The system is expected to be ready for service in the fourth quarter of 2029. NEC separately confirmed that it had signed a supply contract for the I-2SEA submarine fiber-optic cable system, describing the network as a direct link between India’s growing AI and hyperscale data center clusters and major Southeast Asian cloud hubs.
I-2SEA will include Indian landing points at Machilipatnam in Andhra Pradesh and South Chennai. Lightstorm said Machilipatnam offers a shorter subsea route toward Hyderabad, while South Chennai adds diversity to the system’s Indian landing architecture. The route is intended to strengthen connectivity between Hyderabad, Chennai, Singapore, and Kuala Lumpur.

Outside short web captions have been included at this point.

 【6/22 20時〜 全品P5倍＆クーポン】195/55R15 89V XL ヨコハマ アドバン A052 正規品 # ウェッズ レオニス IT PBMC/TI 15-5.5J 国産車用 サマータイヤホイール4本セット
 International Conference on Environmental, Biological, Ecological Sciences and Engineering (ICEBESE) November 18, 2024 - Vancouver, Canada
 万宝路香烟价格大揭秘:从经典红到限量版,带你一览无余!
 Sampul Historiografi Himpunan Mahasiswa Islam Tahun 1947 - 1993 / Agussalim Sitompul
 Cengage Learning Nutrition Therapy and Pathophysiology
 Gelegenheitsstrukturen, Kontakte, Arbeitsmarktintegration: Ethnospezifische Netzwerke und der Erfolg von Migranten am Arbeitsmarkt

Targeting AI and Hyperscale Workloads
The cable is being positioned less as a conventional telecom route and more as infrastructure for AI, hyperscale cloud, GPU clusters, and enterprise workloads. Lightstorm said the system is designed for low-latency connectivity across the India-Southeast Asia corridor, where demand for data center capacity and cloud interconnection has intensified.
Lightstorm Group CEO and Managing Director Amajit Gupta said: “Lightstorm works around a single mission: interconnecting intelligence. As majority owner of I-2SEA and with SmartNet AI Fabric already delivering AI-ready transport across data centers and GPU clusters in India, we can now offer the natural extension of that platform into the subsea domain. On our network, AI regions across India, Malaysia, and Singapore will be connected by a single, purpose-built, end-to-end system — engineered for the performance and scale that AI infrastructure requires.”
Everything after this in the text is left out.